Adding to that urgency, US electricity demand is forecast to nearly triple by 2050, according to the Berkeley report. On top of a growing economy, the clean energy transition means electrifying more vehicles and homes — all of which put more stress on the power grid unless more power supply comes online at a similar pace.

To meet that demand and hit its climate goals, the report says the US has to add 27 gigawatts of offshore wind and 85 GW of land-based wind and solar each year between 2035 and 2050. That timeline might still seem far away, but it’s a big escalation of the Biden administration’s current goal of deploying 30 GW of offshore wind by 2030. Europe, with an electricity grid about 70 percent the size of the US, already has about as much offshore wind capacity as the Biden administration hopes to build up by the end of the decade.

Right now, wind energy makes up just over 10 percent of the US electricity mix, and nearly all of that comes from land-based turbines. Installing turbines at sea can get more complex and expensive. You need specialized ships built to handle skyscraper-sized turbines, for instance. And companies are still developing floating turbines needed to one day master deeper ocean depths on the West Coast.

For now, the US has just two small wind farms off the coasts of Rhode Island and Virginia. Construction started on the foundations for the nation’s first commercial-scale wind farm off Martha’s Vineyard, Massachusetts, in June.

Many plans for offshore wind farms in the US, however, are facing tough headwinds. There’s growing opposition from some coastal communities, the fishing industry, and some Republican lawmakers who’ve tried to tie east coast whale strandings to offshore wind development without any evidence connecting the two.

Project costs have gone up with higher interest rates and rising prices for key commodities like steel, Heatmap reports. That’s led to power purchase agreements falling through for some projects in early development, including plans in Rhode Island for an 884-megawatt wind farm that alone would have added more than 20 times as much generation capacity as the US has today from offshore wind. Developers are struggling to make projects profitable without passing costs on to consumers.

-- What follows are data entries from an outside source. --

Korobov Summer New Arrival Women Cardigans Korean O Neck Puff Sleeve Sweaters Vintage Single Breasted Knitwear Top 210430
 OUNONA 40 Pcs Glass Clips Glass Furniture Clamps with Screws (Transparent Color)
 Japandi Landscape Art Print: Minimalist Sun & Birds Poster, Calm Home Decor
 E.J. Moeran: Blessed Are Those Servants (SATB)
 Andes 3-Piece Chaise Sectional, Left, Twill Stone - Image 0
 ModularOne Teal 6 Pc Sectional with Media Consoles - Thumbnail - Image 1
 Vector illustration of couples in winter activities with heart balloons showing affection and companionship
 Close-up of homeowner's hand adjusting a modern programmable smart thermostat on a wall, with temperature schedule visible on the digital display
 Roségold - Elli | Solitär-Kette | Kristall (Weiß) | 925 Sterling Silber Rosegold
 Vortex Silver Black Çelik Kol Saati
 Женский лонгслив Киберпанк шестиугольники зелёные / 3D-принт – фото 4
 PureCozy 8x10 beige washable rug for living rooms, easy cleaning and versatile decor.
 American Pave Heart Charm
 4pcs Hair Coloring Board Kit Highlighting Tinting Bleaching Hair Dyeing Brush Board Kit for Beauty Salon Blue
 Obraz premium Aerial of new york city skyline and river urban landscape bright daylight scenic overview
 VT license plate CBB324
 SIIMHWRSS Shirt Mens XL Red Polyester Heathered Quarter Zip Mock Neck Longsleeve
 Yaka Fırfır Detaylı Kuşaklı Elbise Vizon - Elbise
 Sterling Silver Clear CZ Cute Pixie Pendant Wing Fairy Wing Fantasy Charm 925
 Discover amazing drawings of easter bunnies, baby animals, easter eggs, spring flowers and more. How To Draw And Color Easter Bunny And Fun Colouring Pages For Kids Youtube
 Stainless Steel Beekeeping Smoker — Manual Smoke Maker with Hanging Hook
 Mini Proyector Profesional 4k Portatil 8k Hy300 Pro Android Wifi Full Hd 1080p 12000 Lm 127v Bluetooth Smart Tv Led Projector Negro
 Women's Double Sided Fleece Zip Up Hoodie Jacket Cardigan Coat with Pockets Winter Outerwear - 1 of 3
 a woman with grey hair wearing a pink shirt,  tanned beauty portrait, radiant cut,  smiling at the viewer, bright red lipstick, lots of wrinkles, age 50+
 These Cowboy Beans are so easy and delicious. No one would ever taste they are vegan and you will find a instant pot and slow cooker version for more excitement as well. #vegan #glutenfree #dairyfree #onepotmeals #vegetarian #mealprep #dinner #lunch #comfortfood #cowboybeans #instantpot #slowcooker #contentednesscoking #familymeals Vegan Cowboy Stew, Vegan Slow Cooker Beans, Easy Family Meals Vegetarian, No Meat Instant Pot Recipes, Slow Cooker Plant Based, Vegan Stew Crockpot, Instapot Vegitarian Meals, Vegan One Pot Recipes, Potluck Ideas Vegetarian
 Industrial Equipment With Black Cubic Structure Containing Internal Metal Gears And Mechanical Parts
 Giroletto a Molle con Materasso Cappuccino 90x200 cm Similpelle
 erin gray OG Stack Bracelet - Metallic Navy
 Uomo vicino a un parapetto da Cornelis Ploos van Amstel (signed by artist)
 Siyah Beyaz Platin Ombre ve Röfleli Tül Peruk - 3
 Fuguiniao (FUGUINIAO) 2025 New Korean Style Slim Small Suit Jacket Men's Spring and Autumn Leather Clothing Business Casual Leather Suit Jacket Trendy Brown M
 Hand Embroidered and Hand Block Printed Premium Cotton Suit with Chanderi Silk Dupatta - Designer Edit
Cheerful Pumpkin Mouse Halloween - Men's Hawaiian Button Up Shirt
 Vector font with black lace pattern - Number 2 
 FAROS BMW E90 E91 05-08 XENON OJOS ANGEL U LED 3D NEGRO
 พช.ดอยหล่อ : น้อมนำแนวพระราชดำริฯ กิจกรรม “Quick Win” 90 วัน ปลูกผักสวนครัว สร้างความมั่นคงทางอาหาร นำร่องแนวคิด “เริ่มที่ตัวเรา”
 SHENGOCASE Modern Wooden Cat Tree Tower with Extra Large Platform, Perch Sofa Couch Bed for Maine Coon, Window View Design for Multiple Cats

The Berkeley researchers, who worked with nonprofit clean energy research firm GridLab and climate policy think tank Energy Innovation, are more optimistic. The study found a modest 2 to 3 percent increase in wholesale electricity costs with ambitious renewable energy deployment. But renewable energy costs have fallen so dramatically in the past that the researchers think those costs could wind up being smaller over time.

“The industry has always proven all the researchers wrong, including ourselves, in the past. So we do believe the cost impact will not be a major factor going forward in the long run,” Abhyankar said in the press call.

There are typically stronger winds blowing over the smooth ocean surface compared to land, the potential payoff for offshore wind developers if they can get past the startup costs. Plus, offshore wind complements land-based renewables, the report points out, since it can fill in for solar panels at night. On the West Coast, offshore wind potential peaks in the summer and in the evening when electricity demand for home air conditioning rises. On the East Coast, winds pick up in the winter — just in time to meet added demand for heating if more homes and buildings go all-electric. It’s the clean energy dream that’s going to take a lot more work before it can become reality.